A. Plaintiff's Claims Are Partially Preempted.
Defendant Navy Federal Credit Union argues Plaintiff's claims are preempted by the National Credit Union Administration's ("NCUA") regulations implementing the Federal Credit Union Act ("FCUA") and Truth in Savings Act ("TISA"). State law claims may be preempted by Congress "either expressly through the statute or regulation's language or impliedly through its aim and structure." Whittington v. Mobiloil Fed. Credit Union, 2017 WL 6988193, at *6 (E.D. Tex. Sept. 14, 2017) (citing Altria Grp., Inc. v. Good, 555 U.S. 70, 76 (2008)).

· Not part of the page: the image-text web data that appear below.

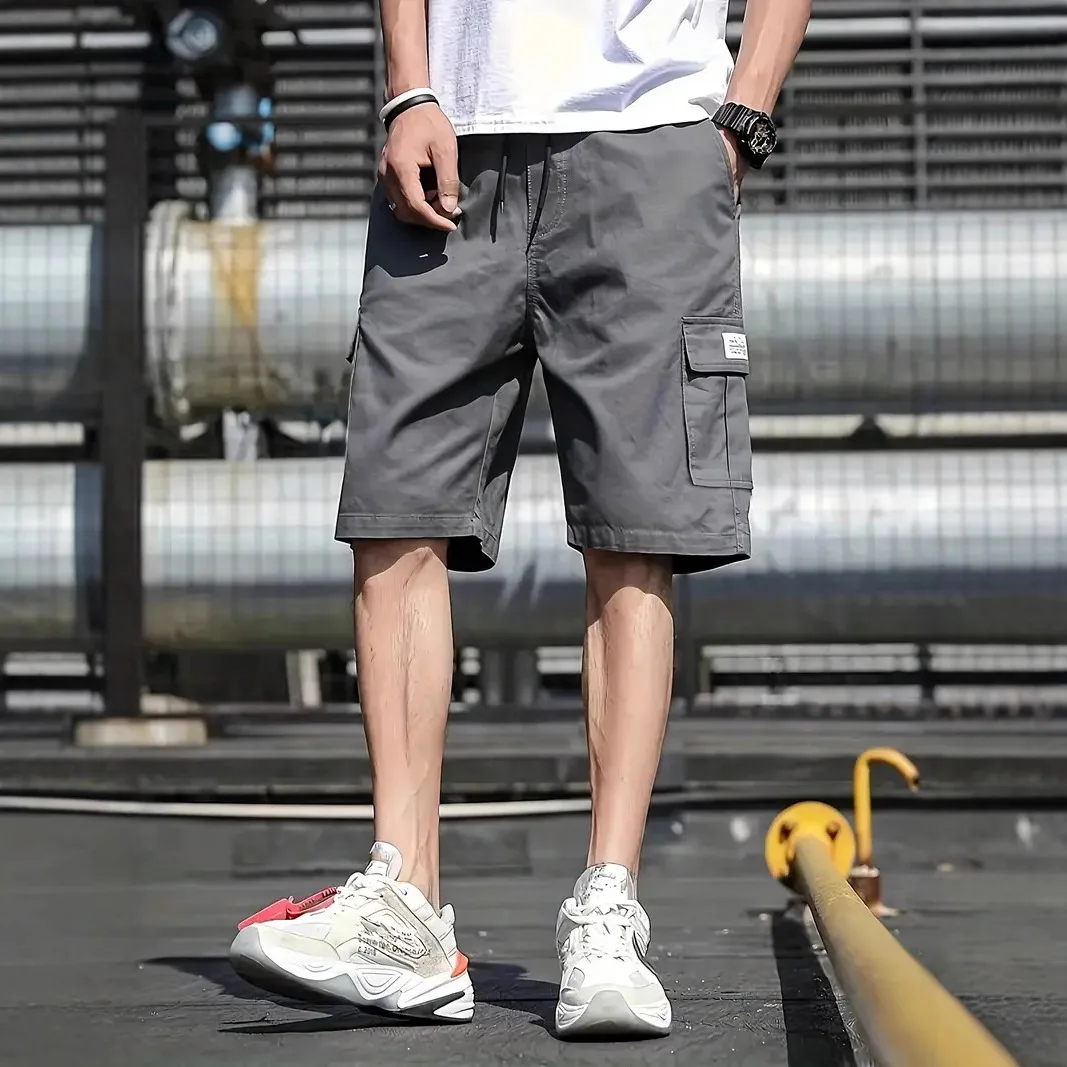 Cross-border Bestseller: Versatile, Lightweight, Quick-Dry Summer 5-Inch Shorts for Men—Loose-Fit Casual Sports Workwear Pants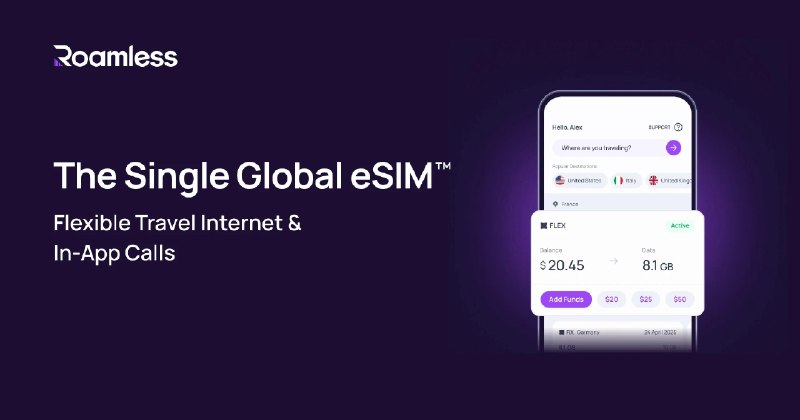 eSIM for Travel, eSIM App | Roamless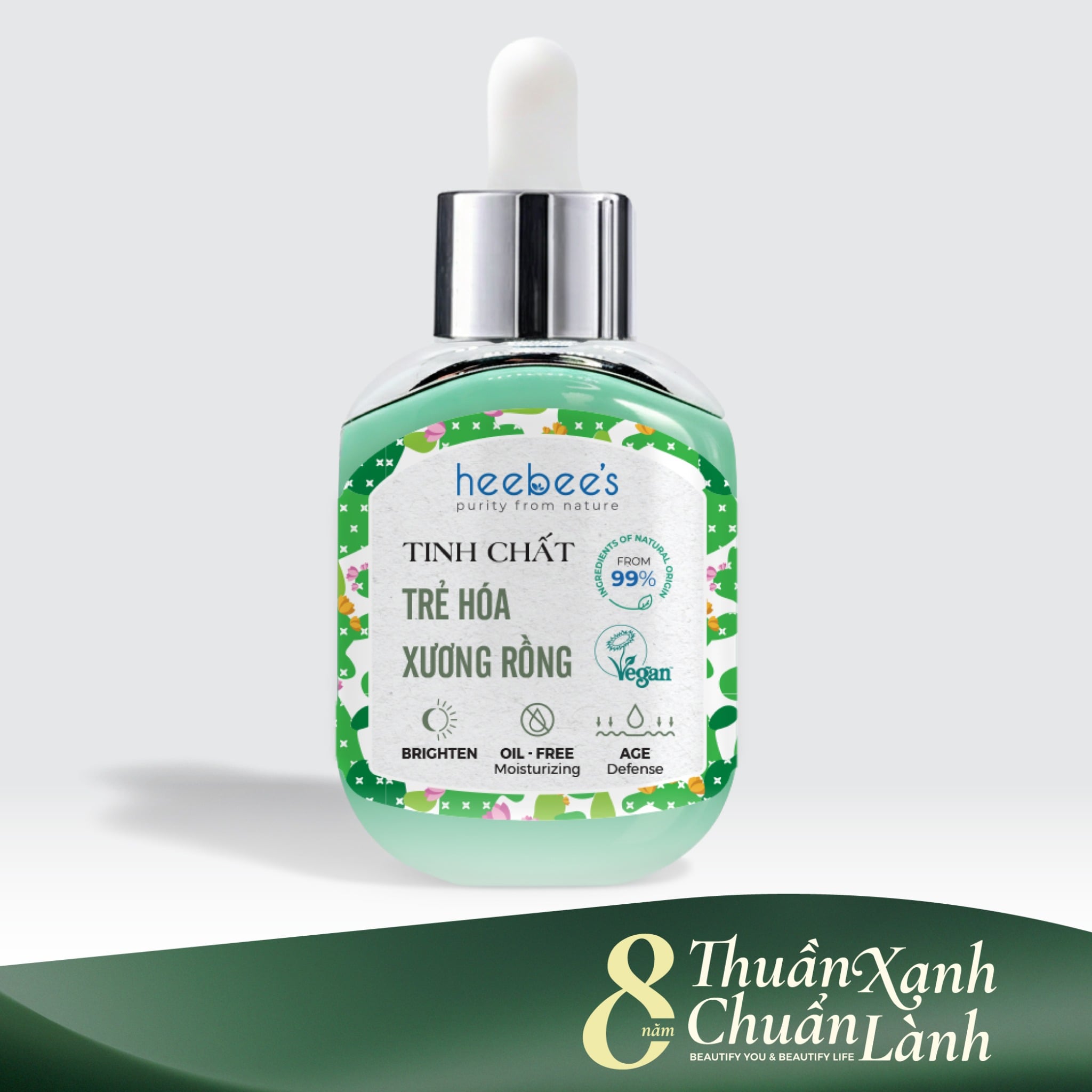 Tinh Chất Serum Trẻ Hoá Thuần Chay Xương Rồng Làm Trắng Da - Mịn Màng - Căng Bóng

The relevant implementing regulations of the FCUA and TISA are contained in 12 C.F.R. parts 701 and 707, respectively. The FCUA's implementing regulations state:
A Federal credit union may, consistent with this section, parts 707 and 740 of this subchapter, other federal law, and its contractual obligations, determine the types of fees or charges and other matters affecting the opening, maintaining and closing of a share, share draft or share certificate account. State laws regulating such activities are not applicable to federal credit unions.12 C.F.R. § 701.35(c) (emphasis added). By its terms, § 701.35 "expressly provides that [federal credit unions] are authorized to determine, free from state regulation, the types of disclosures, fees or charges" for their account offerings. 49 Fed. Reg. 46552-01, 46552 (Nov. 27, 1984) (emphasis added); see also 50 Fed. Reg. 4636-01, 4636 (Feb. 1, 1985) ("This final rule provides that policies with respect to disclosures, fees or charges . . . shall be determined by [a federal credit union's] member-elected board of directors, free from regulatory restrictions."). Similarly, the TISA implementing regulations require federal credit unions to provide disclosures regarding "[t]he amount of any fee that may be imposed in connection with the account . . . and the conditions under which the fee may be imposed," 12 C.F.R. § 707.4(b)(4), and expressly preempt any "[s]tate law requirements that are inconsistent with the requirements of the TISA and [its implementing regulations]," 12 C.F.R. § 707.1(d) (emphasis added).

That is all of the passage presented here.